The Maori Party says in total it has secured about $3 billion in budget gains over a range of policy areas since 2008.
The flying of the Tino Rangatiratanga flag on the Auckland harbour bridge on Waitangi Day may seem a symbolic win - but as former Labour MP Shane Jones conceded, it means a lot to rangatahi (young people).
Mr Jones - who constantly ridiculed all of the Maori Party's achievements as symbolic finally admitted in his exit interview with Radio New Zealand that they actually were important.
He said rangatahi were looking for the iconic symbolic expression of who they are, where they are in their country and things like seeing the Tino Rangatiratanga flag fly was hugely important to them.
But over and above tangible gains, the Maori Party has tempered a National-led Government which had spent much of its time in opposition espousing one law for all type policies.
John Key himself says his is a better Government for its involvement with the Maori Party.
Mr Key's popularity and his continued centrist position on policy for Maori may help slowly change the entrenched racism that is still apparent in many parts of wider New Zealand and that has to be a good thing.
But the difficulty for the Maori Party is that while it has made gains, it is also in a relationship with a party that has raised GST and tightened up welfare, and is now selling off more state houses and reducing workers' rights.

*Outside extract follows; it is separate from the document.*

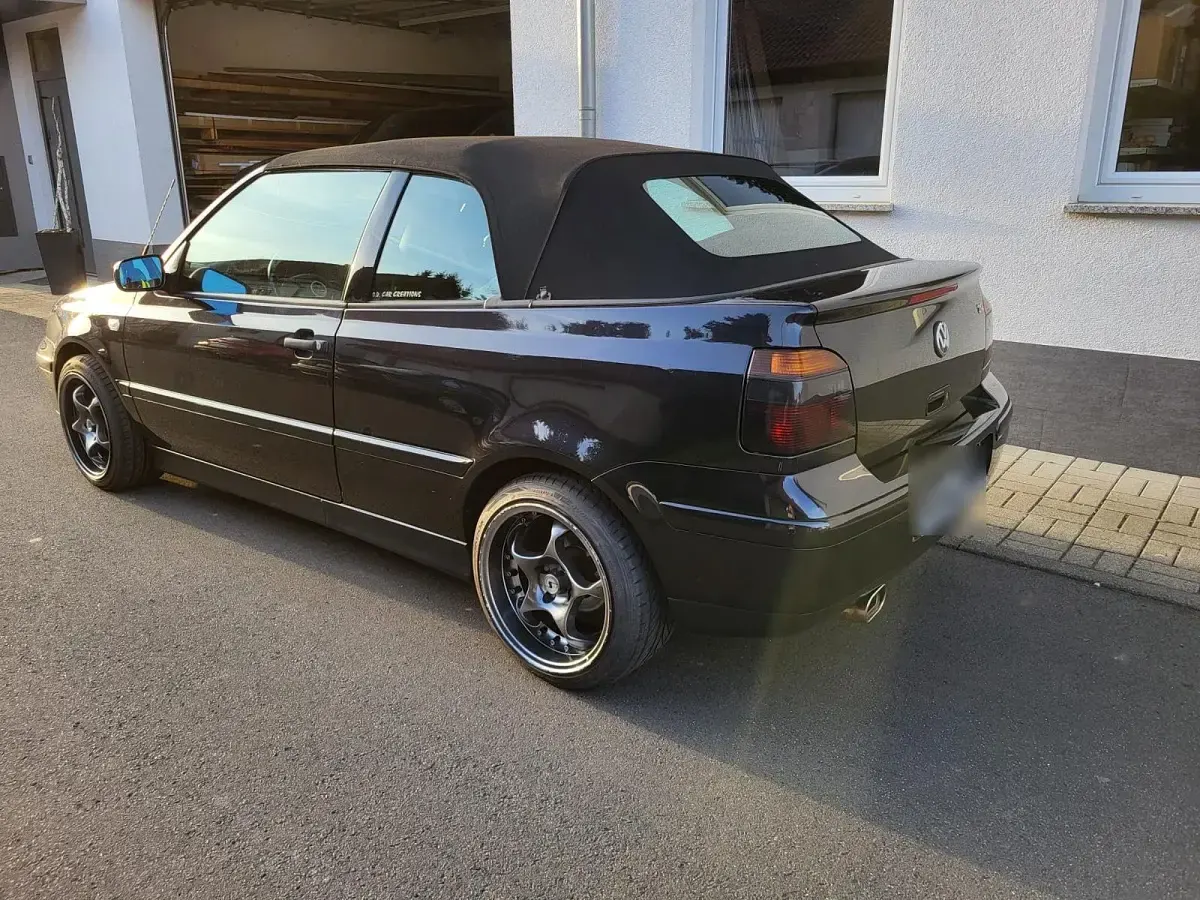 Gebraucht VW Golf Conceptline 116 PS (85 kW) 2001 Schwarz Cabrio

These policies affect many Maori and the Maori Party will continue to be criticised for its relationship with National - even if it opposes some of those policies.
The current and critical issue for the Maori Party, however, is its support base, which continues to dwindle.
If it has achieved so much then why did voters in the Maori seats turn back to Labour - a party in opposition and unable to engender any real change?
Why, if it is the voice for Maori at the Government table, did its party vote slip?
As the party goes into its Annual General Meeting this weekend it will need to ask hard questions of itself and figure out how it can turn its fortunes around.
The Maori Party does vote against Government policy on a regular basis, but it needs to be louder in its opposition so voters hear it.
While this is now even more difficult than before with just two MPs, it needs to talk about itself more and present its message more clearly.
Mr Key is right - the Government is better for being close to the Maori Party, but more broadly Parliament is a better place for having an indigenous political party and it would be a shame if it was to fade away.